'what happens to the hope at the end of the evening' or 'Watching me watching you!'

‘what happens to the hope at the end of the evening ‘, Tim Crouch and Andy Smith
Almeida Festival, Thursday 11th July 2013




I loathed Tim Crouch’s Royal Court show, ‘The Author’, back in 2009. I felt manipulated by someone much stronger and wiser than me. I felt abused and I felt very angry. 
   
 ‘The Author’ planted a number of actors in the audience and asked us, without the aid or relief of a stage (and action one-step removed), to imagine terrible horrors. It was the most gruelling night I’ve ever experienced at the theatre.

Today, I look back on the white rage that ‘The Author’ sparked in me with fondness. I now believe the anger I felt was a mixture of confusion and shame and sorrow. Anger isn’t really anger – it’s just a mix of different emotions we haven’t yet learnt to recognise.

The shame I felt was also accompanied by a new understanding about theatre; a recognition of the responsibility that we, the audience, share for what happens on-stage, as well as all that we see and allow in our own lives off-stage.

The responsibility which theatre invokes – and the collusive relationship between the audience and the actor – is interrogated brilliantly in Crouch’s latest show; a two hander with Andy Smith, entitled ‘what happens to hope at the end of the evening.’ Ostensibly this is a very funny, emotional and unusual show about two old friends meeting up after a long time apart. But around this basic framework hover ideas about fractured intimacy, fading connections and ruptured responsibilities.

There’s a lack of palpable effort to the performances, the script and direction. Karl Jones is an exceptionally patient director. He gently nudges away at us all night, allowing us to connect with the show on our own terms and at our own pace.

A great deal of this piece is pure entertainment and involves a number of inspired rants from Tim Crouch about baby on board stickers, policemen, new age bollocks and engrained pretensions. Sometimes, Crouch’s rants go so far that he runs out of scream and peters off into a girlie squeal. It’s properly daft and not hugely taxing.

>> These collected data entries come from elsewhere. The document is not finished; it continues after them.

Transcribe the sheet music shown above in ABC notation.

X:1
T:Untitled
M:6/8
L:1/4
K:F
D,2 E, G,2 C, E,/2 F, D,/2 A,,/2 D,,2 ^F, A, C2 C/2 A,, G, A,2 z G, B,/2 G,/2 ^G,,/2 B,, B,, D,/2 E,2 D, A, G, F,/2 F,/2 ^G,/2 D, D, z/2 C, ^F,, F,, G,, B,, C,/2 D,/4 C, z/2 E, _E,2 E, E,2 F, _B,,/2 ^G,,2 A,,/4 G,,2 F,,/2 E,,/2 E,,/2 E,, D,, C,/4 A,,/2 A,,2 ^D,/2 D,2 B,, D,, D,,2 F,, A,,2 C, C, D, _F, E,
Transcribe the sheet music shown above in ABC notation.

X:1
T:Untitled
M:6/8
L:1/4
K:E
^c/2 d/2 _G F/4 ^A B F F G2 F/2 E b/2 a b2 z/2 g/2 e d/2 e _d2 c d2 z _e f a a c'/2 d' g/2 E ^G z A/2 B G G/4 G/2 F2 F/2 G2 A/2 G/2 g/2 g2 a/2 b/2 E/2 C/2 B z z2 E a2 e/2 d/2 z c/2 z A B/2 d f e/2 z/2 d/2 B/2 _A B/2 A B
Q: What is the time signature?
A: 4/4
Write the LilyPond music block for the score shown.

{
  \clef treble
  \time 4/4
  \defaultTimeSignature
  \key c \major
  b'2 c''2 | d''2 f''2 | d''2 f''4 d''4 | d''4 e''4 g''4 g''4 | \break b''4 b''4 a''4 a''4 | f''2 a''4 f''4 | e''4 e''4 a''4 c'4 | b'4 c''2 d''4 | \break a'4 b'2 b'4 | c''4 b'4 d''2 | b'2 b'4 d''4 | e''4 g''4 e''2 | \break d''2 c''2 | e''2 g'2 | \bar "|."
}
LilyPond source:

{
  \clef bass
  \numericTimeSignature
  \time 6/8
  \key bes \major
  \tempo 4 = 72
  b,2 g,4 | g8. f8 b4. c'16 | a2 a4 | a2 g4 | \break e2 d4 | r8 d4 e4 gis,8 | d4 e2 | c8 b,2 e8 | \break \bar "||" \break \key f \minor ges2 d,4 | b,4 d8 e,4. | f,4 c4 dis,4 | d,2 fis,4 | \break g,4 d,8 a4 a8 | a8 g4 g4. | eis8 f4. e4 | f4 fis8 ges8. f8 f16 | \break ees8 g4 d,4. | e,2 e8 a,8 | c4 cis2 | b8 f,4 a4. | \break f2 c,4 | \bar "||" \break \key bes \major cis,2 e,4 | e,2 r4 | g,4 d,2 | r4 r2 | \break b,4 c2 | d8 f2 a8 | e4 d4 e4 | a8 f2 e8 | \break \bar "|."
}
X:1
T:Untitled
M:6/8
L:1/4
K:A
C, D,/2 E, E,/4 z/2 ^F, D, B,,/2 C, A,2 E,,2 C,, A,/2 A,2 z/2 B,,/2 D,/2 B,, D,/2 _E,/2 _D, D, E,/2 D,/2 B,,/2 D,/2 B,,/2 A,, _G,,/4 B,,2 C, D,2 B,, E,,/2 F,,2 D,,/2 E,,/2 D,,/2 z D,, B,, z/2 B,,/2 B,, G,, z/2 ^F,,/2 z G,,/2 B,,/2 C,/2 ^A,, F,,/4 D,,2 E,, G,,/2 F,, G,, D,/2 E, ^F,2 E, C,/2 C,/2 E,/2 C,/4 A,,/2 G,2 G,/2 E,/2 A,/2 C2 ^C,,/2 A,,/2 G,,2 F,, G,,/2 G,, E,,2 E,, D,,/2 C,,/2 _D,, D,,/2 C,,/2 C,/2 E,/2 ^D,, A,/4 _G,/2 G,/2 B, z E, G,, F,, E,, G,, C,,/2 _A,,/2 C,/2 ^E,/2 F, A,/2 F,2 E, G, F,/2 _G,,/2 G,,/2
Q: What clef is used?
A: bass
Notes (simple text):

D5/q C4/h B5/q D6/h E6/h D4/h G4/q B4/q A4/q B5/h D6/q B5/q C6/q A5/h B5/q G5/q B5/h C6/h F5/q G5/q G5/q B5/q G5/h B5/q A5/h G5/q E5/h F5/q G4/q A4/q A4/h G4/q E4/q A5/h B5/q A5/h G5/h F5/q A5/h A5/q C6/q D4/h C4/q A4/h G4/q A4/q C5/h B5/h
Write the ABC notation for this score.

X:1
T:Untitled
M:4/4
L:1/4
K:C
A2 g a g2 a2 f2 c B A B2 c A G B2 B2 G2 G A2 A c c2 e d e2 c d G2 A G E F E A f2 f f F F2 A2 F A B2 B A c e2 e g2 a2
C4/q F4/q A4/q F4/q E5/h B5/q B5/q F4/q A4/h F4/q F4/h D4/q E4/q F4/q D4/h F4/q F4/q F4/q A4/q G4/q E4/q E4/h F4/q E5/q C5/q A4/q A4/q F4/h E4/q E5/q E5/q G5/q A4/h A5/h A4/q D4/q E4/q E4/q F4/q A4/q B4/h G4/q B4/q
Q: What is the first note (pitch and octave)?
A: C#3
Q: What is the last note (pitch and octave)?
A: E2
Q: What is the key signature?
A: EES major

It is the gaps in between the main action that get one thinking; the staging, the structuring and the silences. The physical space separating the actors is fascinating. Crouch is all movement, expression and noise. He is in-role – as much as one can be when playing a version of oneself – and off-script, working within a set and existing only on-stage. He creates dynamism and dramatic texture; a sense of self-contained performance, which sets apart the stage and the audience.  

Andy Smith, who plays Crouch’s friend, acts as a bridge between the audience and the stage. He sits on a chair, apart from the set, and reads from a script. Much of the time, Smith reports quotes and theories directly to the audience. At certain moments, when a wedge has been driven between the two friends, Smith narrates actions directly to us; ‘I tell him he can sit on a step outside’ or ‘I tell him to take his coat off.’

We slide between sides – team Crouch and team Smith – governed by forces beyond our control. The way these two act, involving or distancing us, changes our function as an audience. It is not something that we control and, yet, for some reason, we occasionally feel guilty. 

This distance between the two friends on stage dances mischievously about the entire production. It is there in the different space and temperament these two occupy – and it is also there in the huge silences that punctuate the script. These silences are filled with anger or regret or lost time these two will never share. (‘I wait for my friend. My friend is late.’) Again, these silences are something that we – the audience – feel part of.

With every silence, Smith looks – neutrally – out into audience. An odd feeling of responsibility creeps amongst us. Are we the time and life and distractions that came between these two intimate friends? Or are we the very force that brought these two together? A great swell of contradictions rises up, playing with us, jostling us and involving us.

Theatre itself begins to materialise as an important presence in both the performers’ lives and our own. The idea of life as isolation, as computer screens and wired connections, starts to shade the script. The opportunities for real human contact are dwindling. Theatre is one of the few mediums that will continue to bring people together in a real space, in real time. We all have a responsibility to keep creating and sharing this space together – no matter how conflicted a space it might be.